If this plaintiff has any rights under this policy it is because of the wrong on the part of the company in lapsing it too soon, and by so lapsing it deprived the insured, or the beneficiary, of some rights thereunder. There is no evidence of any kind that the insured was advised of the lapsing until September 8, 1931, and this made forty-five days after it could have lapsed under the most favorable claims of the plaintiff. The most that can be said here is that on September 8, 1931, the company notified the insured that his policy had been lapsed for seventy-six days, when it had only been lapsed under the law for forty-five days. Under the most favorable contention of the plaintiff the policy had been lapsed forty-five days when he received his notice.
The fact of marking a policy lapsed on the books, would not of itself make it a lapsed policy, and the fact of writing the insured that his policy had lapsed on a certain day would not under the law lapse it on that date. It seems that the only effect the notice to the insured could have, was to deprive him of some right if any he had under the policy, or cause him to do something or refrain from doing something to protect his rights. But in this instance he had no rights under the policy at the date he was notified of its lapsing. His rights had expired at the end of the time covered by his note, which at the very most was thirty-one days after the due date of the note, and forty-five days before he was advised that his policy had lapsed.
The plaintiff has cited us quite a number of cases in an effort to convince us that the trial court should not have given the peremptory instruction to find for the defendant. Among these cases are the following Missouri cases: Fallis v. Ins. Co., 243 S.W., l.c. 218; Roberts v. Assurance Co., 220 S.W. 996; Spencer v. Sec. Ben. Assn., 297 S.W. 989; Newman v. John Hancock Mut. Ins. Co., 7 S.W.2d 1015; Klinkhardt v. Crescent Ins. Co., 47 S.W.2d 210; Bellis v. M.W.A., 49 S.W.2d 1059.

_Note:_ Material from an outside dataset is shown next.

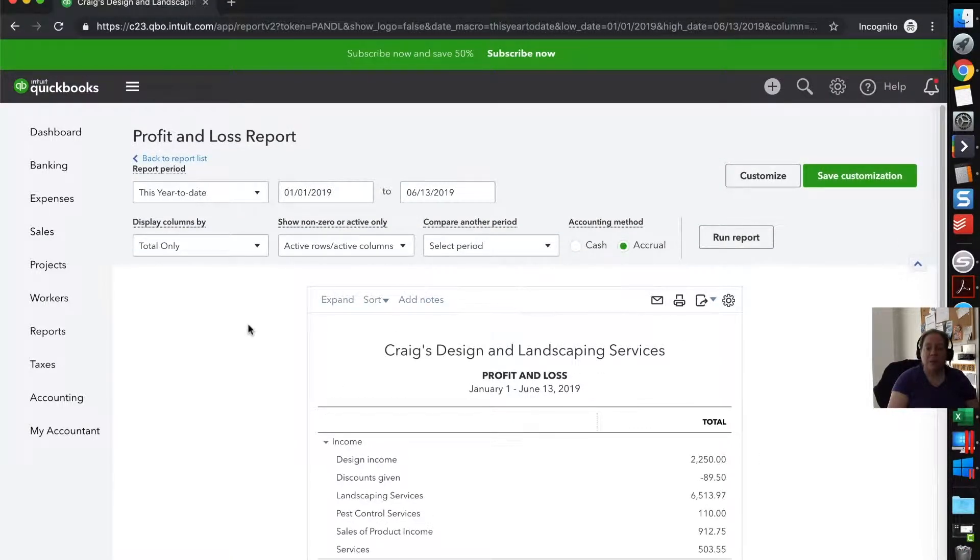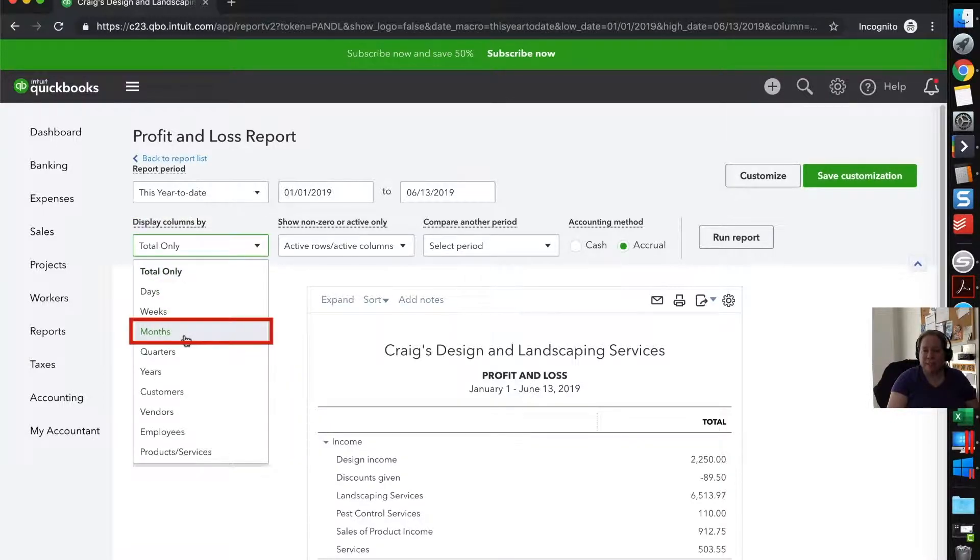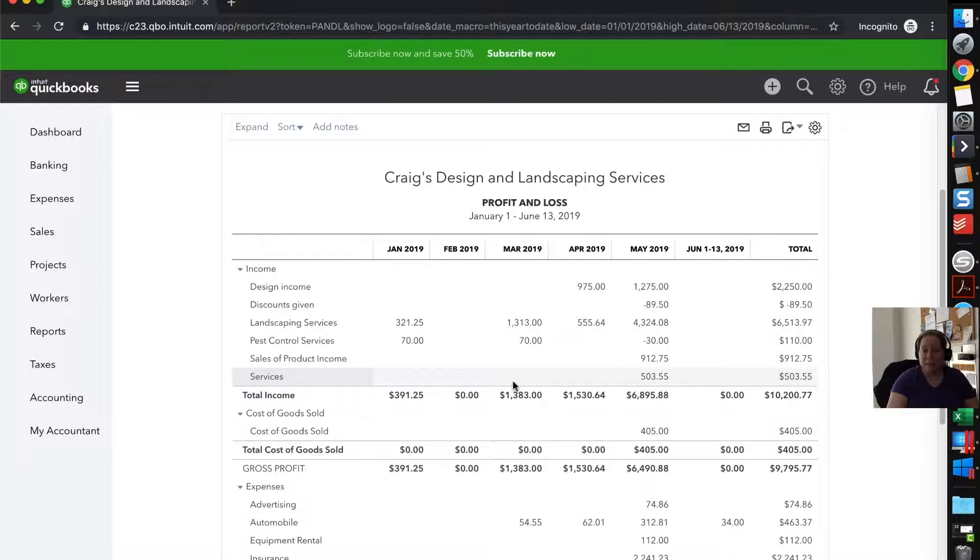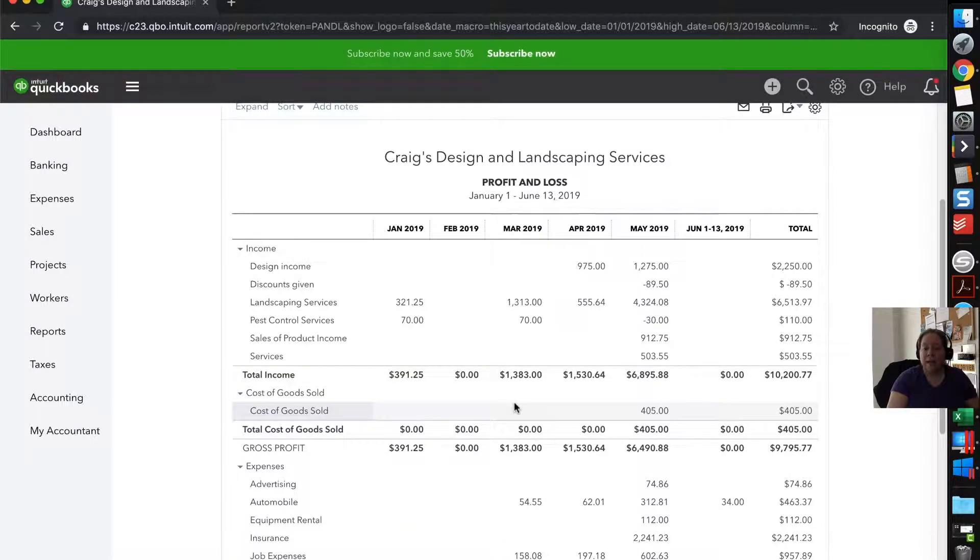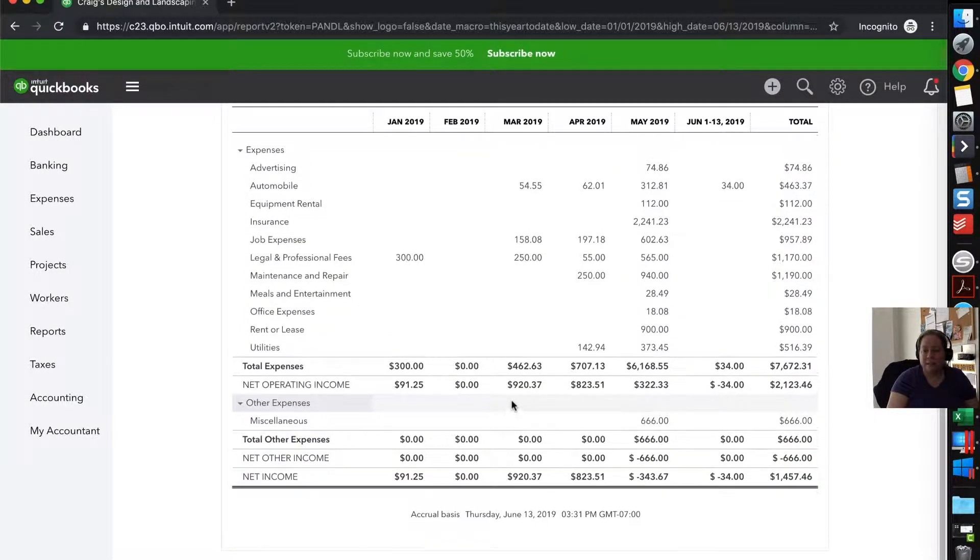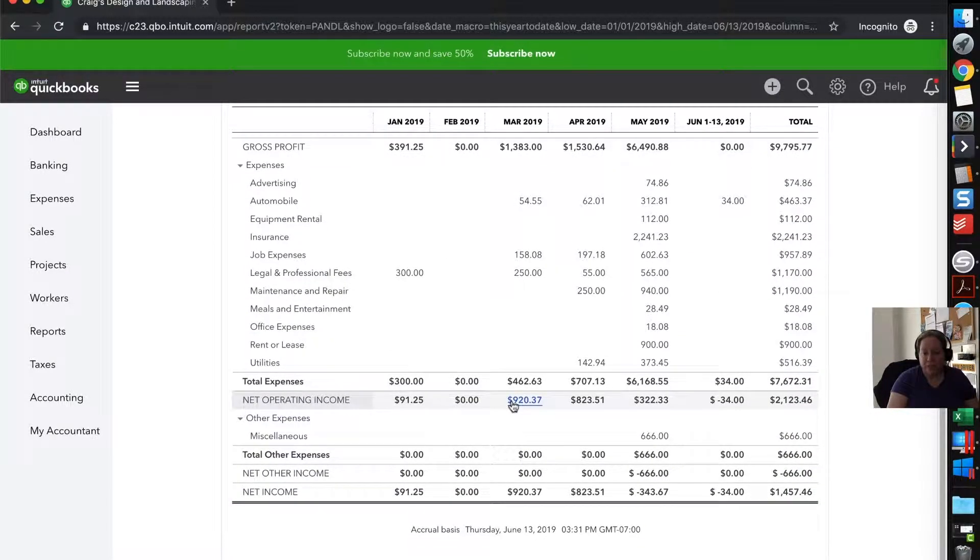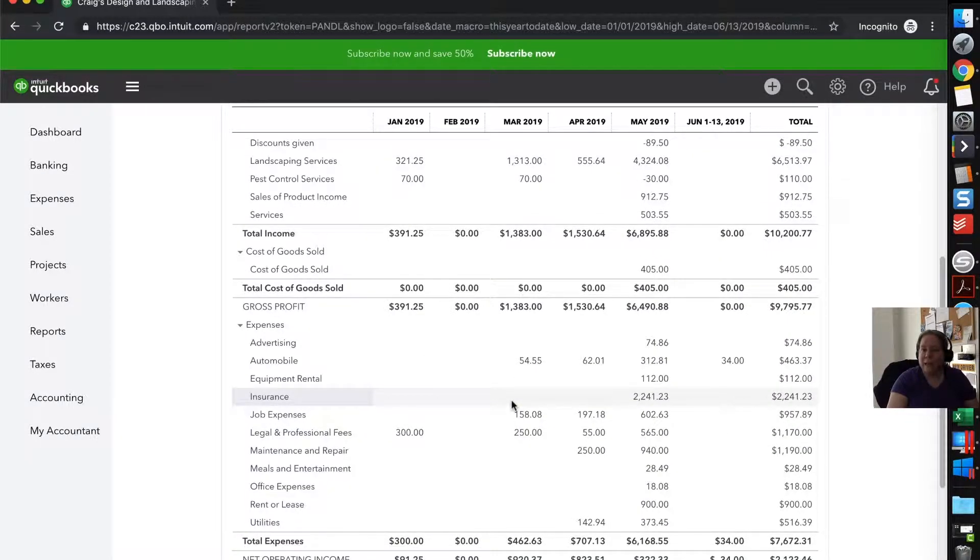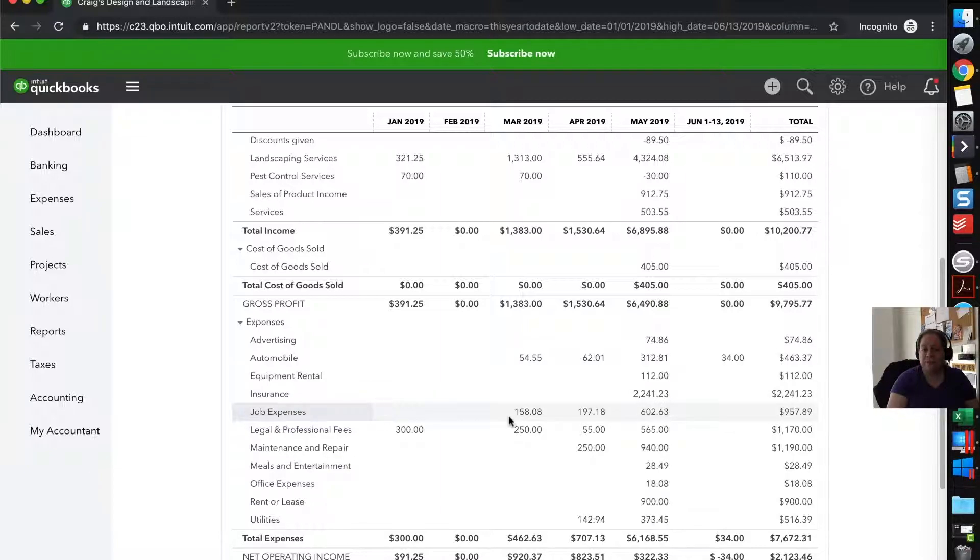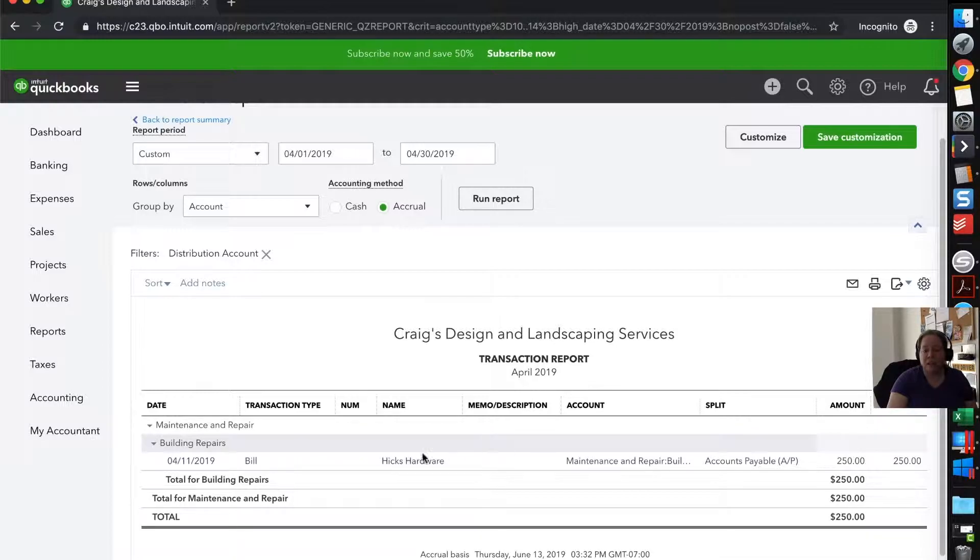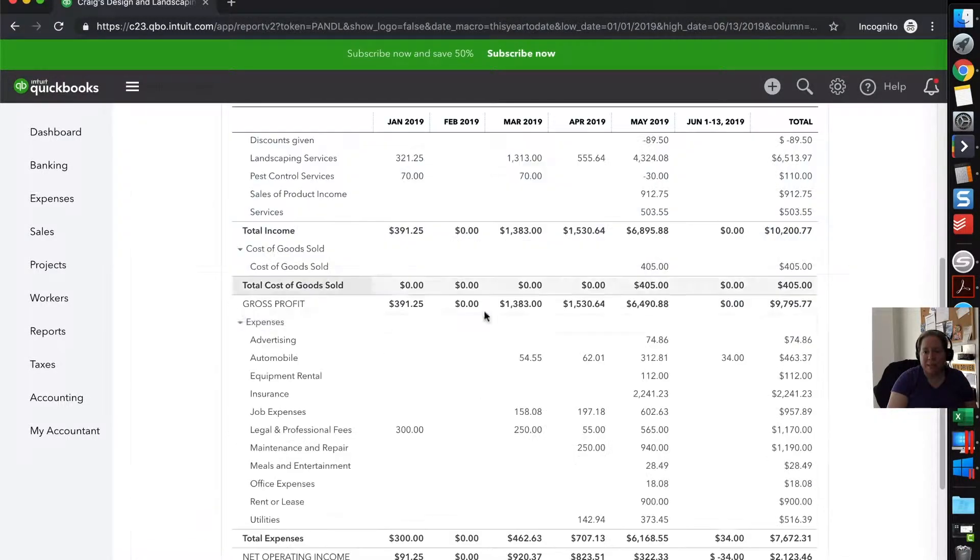What I would encourage you to do is periodically come up here and display columns by change it to say months, and then come over here and run report. What you're going to do is you're going to see if there's any anomalies. So you're going to know your business and anomalies will stick out to you because you know your business. I don't know your business. So when I do this, I'm just looking to see, is there anything strange? Is there anything that I need to ask the client? Like, hey, I don't know about this or anything I should look into further. So things I want to look into further, I just click on it and look at it and I say, oh yeah, that makes sense.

These cases are based upon different facts from this case. In all of those cases some effort was made by the insured either by tender or otherwise to keep the policy in force or to continue it according to the insured's theory of the case.
We do not read any of those cases to hold that the insured may wait until his policy has lapsed because of non-payment on his part, and then after the time has lapsed for payment, he or his beneficiary discovers that the company had said his policy had elapsed at a time prior to its true lapsing date under the law. Under the unquestioned testimony in this case the insured had permitted his policy to lapse. There is not a scintilla of testimony that he made any attempt to pay any further premium thereon, or that he made any attempt to reinstate the policy although he knew this for more than two years prior to his death and there is no evidence that the lapsing of the policy in any way prevented his further action, nor is there any evidence that he ever considered that he was insured after the term bought and covered by his note.
We are forced to the conclusion that under the uncontroverted facts in this case the trial court committed error in not giving the instruction directing a verdict for the defendant. We are justified in this conclusion by the admitted facts, and the opinion of our Supreme Court in the cause of Scotten v. Metropolitan Life Ins. Co., 81 S.W.2d 313.
The judgment should be reversed, and the cause remanded, with directions to render judgment for the defendant. It is so ordered. Allen, P.J., and Bailey, J., concur.